> SOURCE RECORDS:
━━━━━━━━━━━━━━━━━━━━

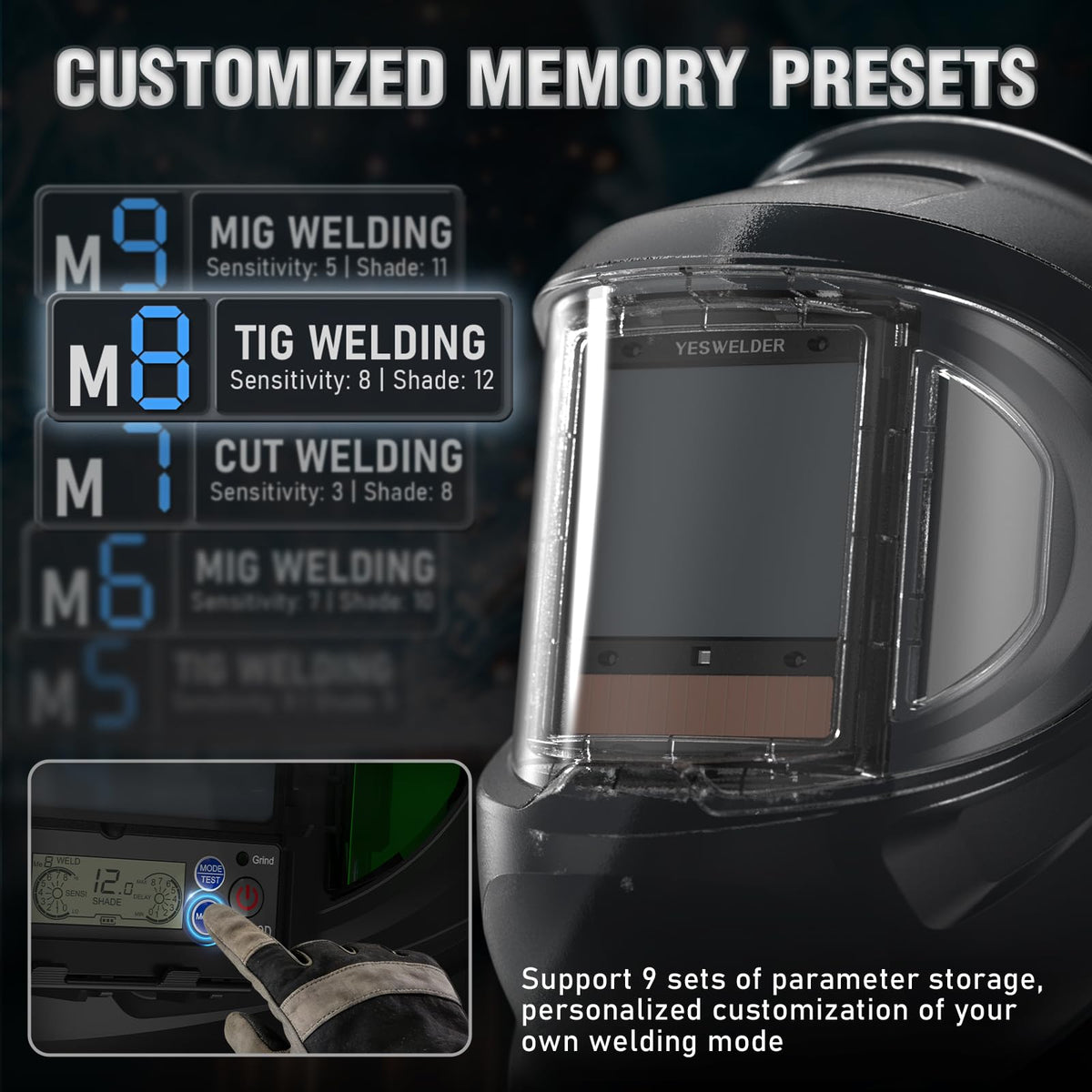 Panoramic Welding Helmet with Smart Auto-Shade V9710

━━━━━━━━━━━━━━━━━━━━

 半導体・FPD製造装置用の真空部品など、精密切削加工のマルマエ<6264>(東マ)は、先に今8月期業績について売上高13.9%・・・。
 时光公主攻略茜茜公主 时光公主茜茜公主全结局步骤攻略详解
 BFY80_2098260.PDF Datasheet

━━━━━━━━━━━━━━━━━━━━

Restate word for word the entries above from the line with "半導体・FPD製造装置用の真" through the line with "BFY80_2098260.PDF Datasheet", inclusive, leaving out everything else.

 半導体・FPD製造装置用の真空部品など、精密切削加工のマルマエ<6264>(東マ)は、先に今8月期業績について売上高13.9%・・・。
 时光公主攻略茜茜公主 时光公主茜茜公主全结局步骤攻略详解
 BFY80_2098260.PDF Datasheet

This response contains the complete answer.